Task material -
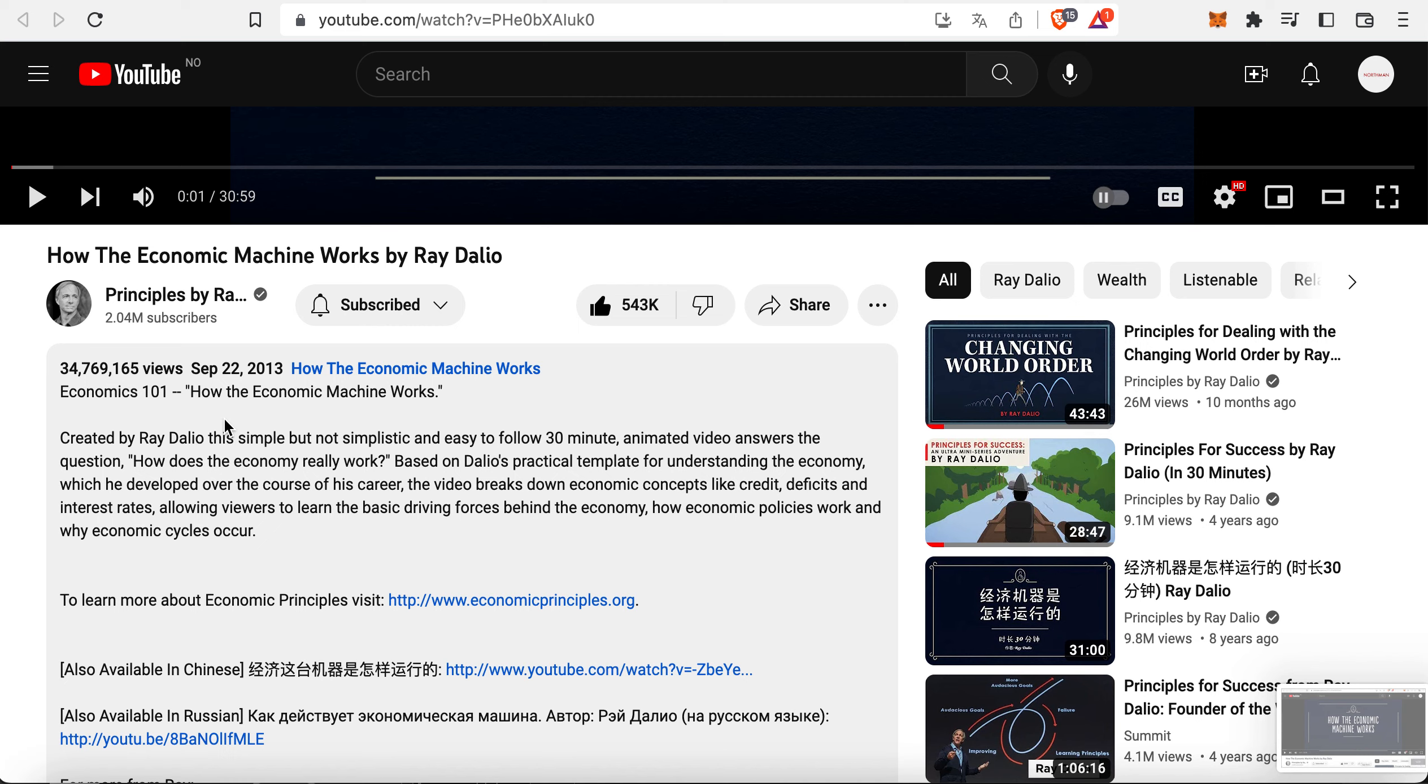The video breaks down economic concepts like credit, deficits, and interest rates, allowing you to learn the basic driving forces behind the economy, how economic policies work, and why economic cycles occur.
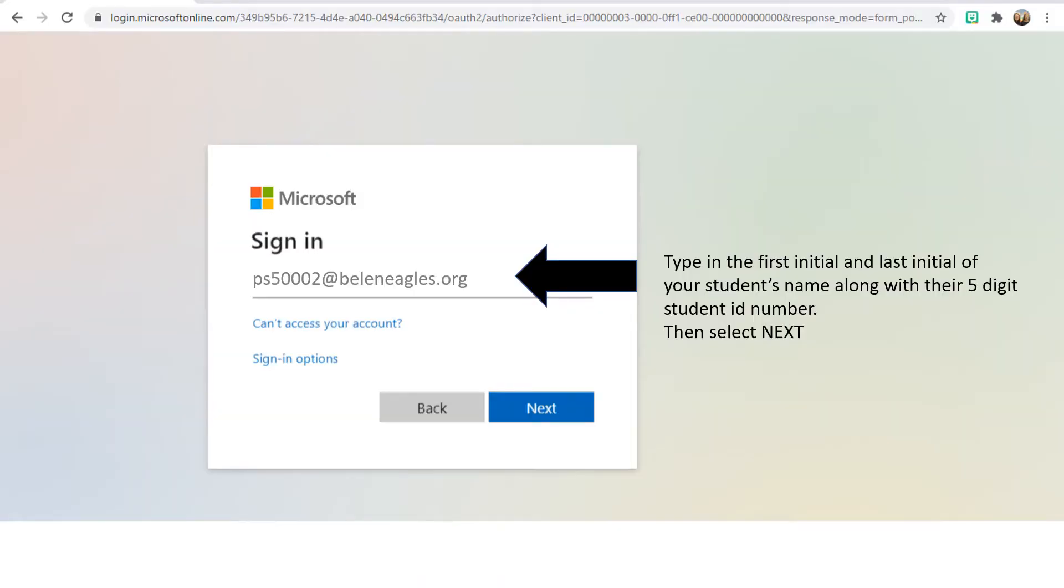This will take you to the Microsoft sign-in page. You will need to type in your student's first initial, last initial, and your student's five-digit student ID number along with @beleineagles.org.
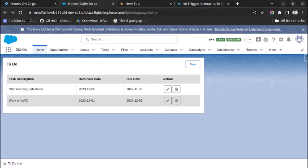Welcome back. In this video, we will see how to use Salesforce Einstein for Developer extension to automate code generation. Einstein for Developer is an AI-powered developer tool available as an easy-to-install VS Code extension, built using CodeGen, the secure custom AI model from Salesforce.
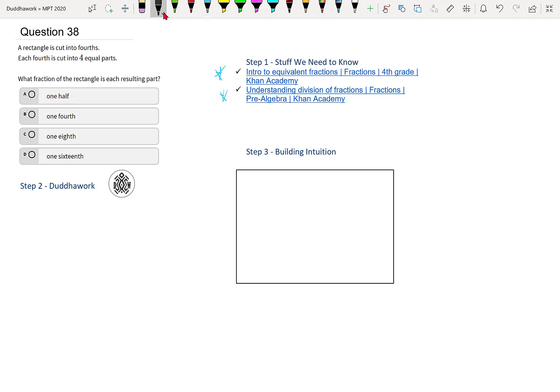So we have one rectangle that's cut into fourths. That means that if we cut it in fourths, then each piece is one fourth of the original. We take one and we divide it by four.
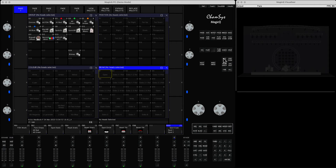Hello everyone. Today's tutorial is about capturing data — active and non-active data — in MagicQ. You can use it for creating new palettes, creating new playbacks, etc. I'm talking mainly about two functions: snapshot and advanced include. I'll also show you another function that a lot of people are not aware of, called Active.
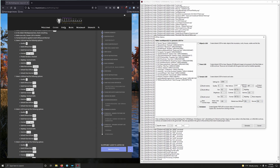Gamma set to 1.25. Bake normal maps — we want that checked. Default size diffuse and default size normal both set to 256. Let's go through that again: quality set to zero, build diffuse and normals to 512, format BC7 quick, protect borders checked, mipmaps unchecked, gamma 1.25, bake normal maps checked, default size diffuse and normals 256.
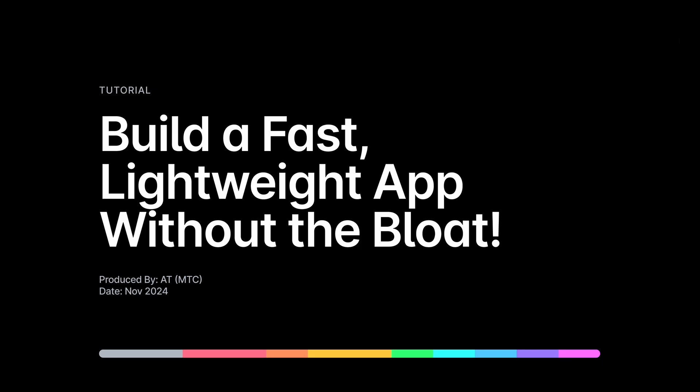In this tutorial, we will be covering how to build a fast, lightweight web application. We will cover how to initialize and structure our project with Code Stack for the frontend and Pocket Base for our backend.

Assignment - Quote only what lies between the first line of the records and the line containing "This will take", please, including both lines and excluding images.

Solution below -
The video breaks down economic concepts like credit, deficits, and interest rates, allowing you to learn the basic driving forces behind the economy, how economic policies work, and why economic cycles occur.
This will take you to the Microsoft sign-in page. You will need to type in your student's first initial, last initial, and your student's five-digit student ID number along with @beleineagles.org.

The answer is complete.